- _Scraped caption text data_:
§ §

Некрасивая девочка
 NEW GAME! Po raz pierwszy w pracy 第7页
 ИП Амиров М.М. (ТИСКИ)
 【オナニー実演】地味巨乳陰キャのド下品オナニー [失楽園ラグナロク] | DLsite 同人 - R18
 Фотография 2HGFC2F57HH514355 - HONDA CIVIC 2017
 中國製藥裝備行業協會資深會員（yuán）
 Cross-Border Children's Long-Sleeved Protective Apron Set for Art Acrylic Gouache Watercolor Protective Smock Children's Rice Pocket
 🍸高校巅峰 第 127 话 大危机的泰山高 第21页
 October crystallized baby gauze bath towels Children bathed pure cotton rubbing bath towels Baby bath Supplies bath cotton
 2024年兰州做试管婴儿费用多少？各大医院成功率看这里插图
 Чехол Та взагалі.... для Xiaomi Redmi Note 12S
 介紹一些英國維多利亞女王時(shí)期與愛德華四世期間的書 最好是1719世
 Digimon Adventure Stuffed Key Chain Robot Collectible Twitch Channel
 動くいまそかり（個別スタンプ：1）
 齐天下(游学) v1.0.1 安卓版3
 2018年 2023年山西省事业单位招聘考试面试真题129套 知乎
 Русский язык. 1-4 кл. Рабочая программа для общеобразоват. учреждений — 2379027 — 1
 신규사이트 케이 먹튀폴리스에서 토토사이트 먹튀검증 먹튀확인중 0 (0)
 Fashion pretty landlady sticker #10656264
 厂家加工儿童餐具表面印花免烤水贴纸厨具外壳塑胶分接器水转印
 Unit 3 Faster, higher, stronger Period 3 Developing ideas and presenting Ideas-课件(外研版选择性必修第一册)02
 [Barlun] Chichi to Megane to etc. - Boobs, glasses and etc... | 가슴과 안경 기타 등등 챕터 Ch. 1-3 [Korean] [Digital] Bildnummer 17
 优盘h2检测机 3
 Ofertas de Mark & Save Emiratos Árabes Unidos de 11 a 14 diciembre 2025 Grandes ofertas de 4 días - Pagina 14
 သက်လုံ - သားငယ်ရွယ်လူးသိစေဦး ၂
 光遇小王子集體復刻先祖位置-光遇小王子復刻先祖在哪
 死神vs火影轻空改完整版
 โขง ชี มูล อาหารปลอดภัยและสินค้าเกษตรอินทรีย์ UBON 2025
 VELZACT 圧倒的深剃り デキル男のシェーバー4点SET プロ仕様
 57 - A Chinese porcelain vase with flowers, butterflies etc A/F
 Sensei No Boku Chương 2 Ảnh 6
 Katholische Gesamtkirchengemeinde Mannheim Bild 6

§ §

- _Task statement_: Write the entries out again in full, exactly as they appear above.

- _Exercise result_:
Некрасивая девочка
 NEW GAME! Po raz pierwszy w pracy 第7页
 ИП Амиров М.М. (ТИСКИ)
 【オナニー実演】地味巨乳陰キャのド下品オナニー [失楽園ラグナロク] | DLsite 同人 - R18
 Фотография 2HGFC2F57HH514355 - HONDA CIVIC 2017
 中國製藥裝備行業協會資深會員（yuán）
 Cross-Border Children's Long-Sleeved Protective Apron Set for Art Acrylic Gouache Watercolor Protective Smock Children's Rice Pocket
 🍸高校巅峰 第 127 话 大危机的泰山高 第21页
 October crystallized baby gauze bath towels Children bathed pure cotton rubbing bath towels Baby bath Supplies bath cotton
 2024年兰州做试管婴儿费用多少？各大医院成功率看这里插图
 Чехол Та взагалі.... для Xiaomi Redmi Note 12S
 介紹一些英國維多利亞女王時(shí)期與愛德華四世期間的書 最好是1719世
 Digimon Adventure Stuffed Key Chain Robot Collectible Twitch Channel
 動くいまそかり（個別スタンプ：1）
 齐天下(游学) v1.0.1 安卓版3
 2018年 2023年山西省事业单位招聘考试面试真题129套 知乎
 Русский язык. 1-4 кл. Рабочая программа для общеобразоват. учреждений — 2379027 — 1
 신규사이트 케이 먹튀폴리스에서 토토사이트 먹튀검증 먹튀확인중 0 (0)
 Fashion pretty landlady sticker #10656264
 厂家加工儿童餐具表面印花免烤水贴纸厨具外壳塑胶分接器水转印
 Unit 3 Faster, higher, stronger Period 3 Developing ideas and presenting Ideas-课件(外研版选择性必修第一册)02
 [Barlun] Chichi to Megane to etc. - Boobs, glasses and etc... | 가슴과 안경 기타 등등 챕터 Ch. 1-3 [Korean] [Digital] Bildnummer 17
 优盘h2检测机 3
 Ofertas de Mark & Save Emiratos Árabes Unidos de 11 a 14 diciembre 2025 Grandes ofertas de 4 días - Pagina 14
 သက်လုံ - သားငယ်ရွယ်လူးသိစေဦး ၂
 光遇小王子集體復刻先祖位置-光遇小王子復刻先祖在哪
 死神vs火影轻空改完整版
 โขง ชี มูล อาหารปลอดภัยและสินค้าเกษตรอินทรีย์ UBON 2025
 VELZACT 圧倒的深剃り デキル男のシェーバー4点SET プロ仕様
 57 - A Chinese porcelain vase with flowers, butterflies etc A/F
 Sensei No Boku Chương 2 Ảnh 6
 Katholische Gesamtkirchengemeinde Mannheim Bild 6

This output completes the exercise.